» TASK INPUTS
..............................
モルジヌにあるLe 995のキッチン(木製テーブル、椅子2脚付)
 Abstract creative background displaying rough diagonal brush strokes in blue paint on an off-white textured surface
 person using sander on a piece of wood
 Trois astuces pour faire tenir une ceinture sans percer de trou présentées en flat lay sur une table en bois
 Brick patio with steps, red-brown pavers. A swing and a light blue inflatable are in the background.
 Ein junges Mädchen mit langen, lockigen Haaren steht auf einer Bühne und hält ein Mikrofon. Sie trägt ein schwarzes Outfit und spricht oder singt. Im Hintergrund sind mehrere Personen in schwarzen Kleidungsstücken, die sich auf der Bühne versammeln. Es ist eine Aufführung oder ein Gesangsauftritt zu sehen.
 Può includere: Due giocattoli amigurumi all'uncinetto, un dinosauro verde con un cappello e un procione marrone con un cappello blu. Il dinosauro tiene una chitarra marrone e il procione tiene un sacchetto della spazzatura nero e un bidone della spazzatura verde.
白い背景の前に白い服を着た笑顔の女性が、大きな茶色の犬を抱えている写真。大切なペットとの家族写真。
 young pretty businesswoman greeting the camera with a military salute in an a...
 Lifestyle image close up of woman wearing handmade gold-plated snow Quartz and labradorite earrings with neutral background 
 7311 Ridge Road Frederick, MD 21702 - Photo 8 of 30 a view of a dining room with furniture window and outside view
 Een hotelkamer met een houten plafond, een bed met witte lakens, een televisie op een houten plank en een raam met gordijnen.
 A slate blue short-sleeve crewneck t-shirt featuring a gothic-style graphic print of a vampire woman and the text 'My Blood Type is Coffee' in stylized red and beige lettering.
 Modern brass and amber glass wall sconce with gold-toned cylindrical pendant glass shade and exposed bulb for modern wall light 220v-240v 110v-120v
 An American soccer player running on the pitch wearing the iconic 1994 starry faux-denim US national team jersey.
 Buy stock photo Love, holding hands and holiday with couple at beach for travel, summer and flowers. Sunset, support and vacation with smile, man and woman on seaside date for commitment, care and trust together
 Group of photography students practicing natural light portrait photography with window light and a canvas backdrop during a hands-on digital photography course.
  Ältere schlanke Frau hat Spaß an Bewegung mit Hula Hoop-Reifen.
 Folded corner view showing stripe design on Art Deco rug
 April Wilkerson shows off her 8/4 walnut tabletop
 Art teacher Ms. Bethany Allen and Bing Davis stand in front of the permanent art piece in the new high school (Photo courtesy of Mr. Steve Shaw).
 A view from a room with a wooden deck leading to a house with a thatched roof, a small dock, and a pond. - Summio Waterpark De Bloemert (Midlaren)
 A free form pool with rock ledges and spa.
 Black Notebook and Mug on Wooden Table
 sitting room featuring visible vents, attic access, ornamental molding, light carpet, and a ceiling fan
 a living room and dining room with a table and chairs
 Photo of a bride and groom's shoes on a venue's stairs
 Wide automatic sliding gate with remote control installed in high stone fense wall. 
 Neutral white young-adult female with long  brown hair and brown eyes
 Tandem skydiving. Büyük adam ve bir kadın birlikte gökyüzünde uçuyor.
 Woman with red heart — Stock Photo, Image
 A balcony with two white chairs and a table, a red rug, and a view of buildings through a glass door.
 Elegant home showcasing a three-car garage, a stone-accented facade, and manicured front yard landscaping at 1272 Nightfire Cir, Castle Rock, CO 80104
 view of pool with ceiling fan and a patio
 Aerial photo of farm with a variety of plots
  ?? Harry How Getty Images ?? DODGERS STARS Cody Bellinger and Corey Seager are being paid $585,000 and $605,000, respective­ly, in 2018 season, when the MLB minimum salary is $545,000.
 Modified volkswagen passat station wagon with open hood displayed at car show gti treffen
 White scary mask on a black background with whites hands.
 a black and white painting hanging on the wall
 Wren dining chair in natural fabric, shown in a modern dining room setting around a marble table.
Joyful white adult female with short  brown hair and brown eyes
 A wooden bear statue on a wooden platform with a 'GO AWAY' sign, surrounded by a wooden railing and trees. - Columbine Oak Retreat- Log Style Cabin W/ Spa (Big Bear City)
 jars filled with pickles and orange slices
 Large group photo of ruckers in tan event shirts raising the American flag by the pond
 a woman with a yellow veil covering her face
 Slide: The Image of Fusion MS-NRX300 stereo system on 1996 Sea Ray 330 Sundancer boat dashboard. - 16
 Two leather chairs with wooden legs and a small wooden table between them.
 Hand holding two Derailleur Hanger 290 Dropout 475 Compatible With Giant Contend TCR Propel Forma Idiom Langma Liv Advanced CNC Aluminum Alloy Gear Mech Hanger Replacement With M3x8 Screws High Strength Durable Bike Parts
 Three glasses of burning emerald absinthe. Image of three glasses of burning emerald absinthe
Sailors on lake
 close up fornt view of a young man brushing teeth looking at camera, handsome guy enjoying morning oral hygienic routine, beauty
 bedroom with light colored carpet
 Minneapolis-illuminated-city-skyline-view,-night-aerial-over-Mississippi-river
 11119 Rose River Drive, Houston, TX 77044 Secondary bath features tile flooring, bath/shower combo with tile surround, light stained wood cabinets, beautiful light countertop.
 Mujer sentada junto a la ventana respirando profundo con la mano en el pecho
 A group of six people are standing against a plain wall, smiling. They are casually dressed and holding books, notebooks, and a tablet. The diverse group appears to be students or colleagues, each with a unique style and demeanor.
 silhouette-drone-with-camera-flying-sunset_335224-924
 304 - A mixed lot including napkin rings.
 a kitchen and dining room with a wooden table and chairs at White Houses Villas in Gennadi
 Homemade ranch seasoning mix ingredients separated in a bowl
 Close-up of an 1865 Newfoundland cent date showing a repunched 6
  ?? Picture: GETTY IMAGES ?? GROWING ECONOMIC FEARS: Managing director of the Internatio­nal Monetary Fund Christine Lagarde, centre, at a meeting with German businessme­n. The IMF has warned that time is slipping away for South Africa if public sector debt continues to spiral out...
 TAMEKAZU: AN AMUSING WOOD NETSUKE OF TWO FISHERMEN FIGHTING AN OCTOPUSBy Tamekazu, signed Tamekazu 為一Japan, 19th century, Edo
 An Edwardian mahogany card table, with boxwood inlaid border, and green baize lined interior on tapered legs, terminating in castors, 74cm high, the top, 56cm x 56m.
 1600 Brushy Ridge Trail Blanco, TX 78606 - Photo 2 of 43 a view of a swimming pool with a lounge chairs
..............................
Only one stretch of the entries above is wanted: the lines from the one containing "Slide: The Image" through the one containing "Close-up of an". Please reproduce it exactly.

 Slide: The Image of Fusion MS-NRX300 stereo system on 1996 Sea Ray 330 Sundancer boat dashboard. - 16
 Two leather chairs with wooden legs and a small wooden table between them.
 Hand holding two Derailleur Hanger 290 Dropout 475 Compatible With Giant Contend TCR Propel Forma Idiom Langma Liv Advanced CNC Aluminum Alloy Gear Mech Hanger Replacement With M3x8 Screws High Strength Durable Bike Parts
 Three glasses of burning emerald absinthe. Image of three glasses of burning emerald absinthe
Sailors on lake
 close up fornt view of a young man brushing teeth looking at camera, handsome guy enjoying morning oral hygienic routine, beauty
 bedroom with light colored carpet
 Minneapolis-illuminated-city-skyline-view,-night-aerial-over-Mississippi-river
 11119 Rose River Drive, Houston, TX 77044 Secondary bath features tile flooring, bath/shower combo with tile surround, light stained wood cabinets, beautiful light countertop.
 Mujer sentada junto a la ventana respirando profundo con la mano en el pecho
 A group of six people are standing against a plain wall, smiling. They are casually dressed and holding books, notebooks, and a tablet. The diverse group appears to be students or colleagues, each with a unique style and demeanor.
 silhouette-drone-with-camera-flying-sunset_335224-924
 304 - A mixed lot including napkin rings.
 a kitchen and dining room with a wooden table and chairs at White Houses Villas in Gennadi
 Homemade ranch seasoning mix ingredients separated in a bowl
 Close-up of an 1865 Newfoundland cent date showing a repunched 6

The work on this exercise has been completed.